Antiviral Activity in Cell Culture
The anti-HIV-1 activity of didanosine was evaluated in a variety of HIV-1 infected lymphoblastic cell lines and monocyte/macrophage cell cultures. The concentration of drug necessary to inhibit viral replication by 50% (EC50) ranged from 2.5 to 10 µM (1 µM = 0.24 mcg/mL) in lymphoblastic cell lines and 0.01 to 0.1 µM in monocyte/macrophage cell cultures.
Resistance
HIV-1 isolates with reduced sensitivity to didanosine have been selected in cell culture and were also obtained from patients treated with didanosine. Genetic analysis of isolates from didanosine-treated patients showed amino acid substitutions K65R, L74V, and M184V in reverse transcriptase. The L74V substitution was most frequently observed in clinical isolates. Phenotypic analysis of HIV-1 isolates from 60 patients (some with prior zidovudine treatment) receiving 6 to 24 months of didanosine monotherapy showed that isolates from 10 of 60 patients exhibited an average of a 10-fold decrease in susceptibility to didanosine in cell culture compared to baseline isolates.

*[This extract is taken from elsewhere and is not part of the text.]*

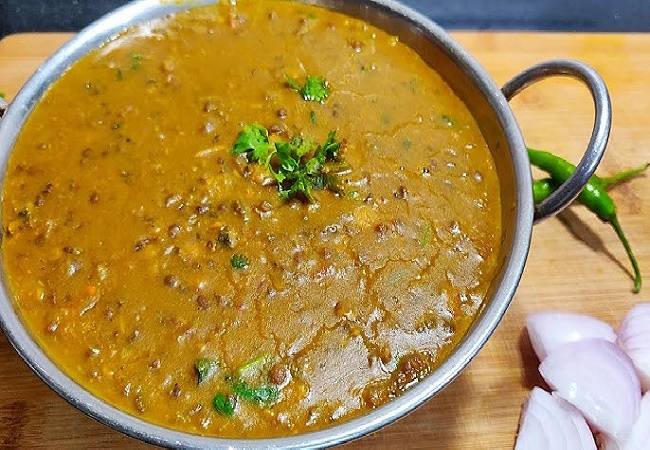 How to make Langar Dal: आज लंच में ट्राई करें लाजवाब टेस्टी लंगर वाली दाल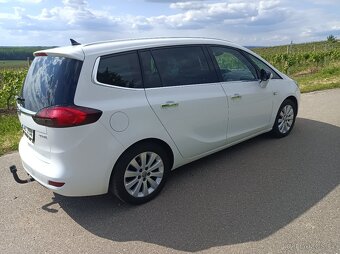 Zafira 7 míst - 18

Clinical isolates that exhibited a decrease in didanosine susceptibility harbored one or more didanosine resistance-associated substitutions.
Cross-resistance
HIV-1 isolates from 2 of 39 patients receiving combination therapy for up to 2 years with didanosine and zidovudine exhibited decreased susceptibility to didanosine, lamivudine, stavudine, and zidovudine in cell culture. These isolates harbored five substitutions (A62V, V75I, F77L, F116Y, and Q151M) in reverse transcriptase. In data from clinical studies, the presence of thymidine analogue mutation substitutions (M41L, D67N, L210W, T215Y, K219Q) has been shown to decrease the response to didanosine.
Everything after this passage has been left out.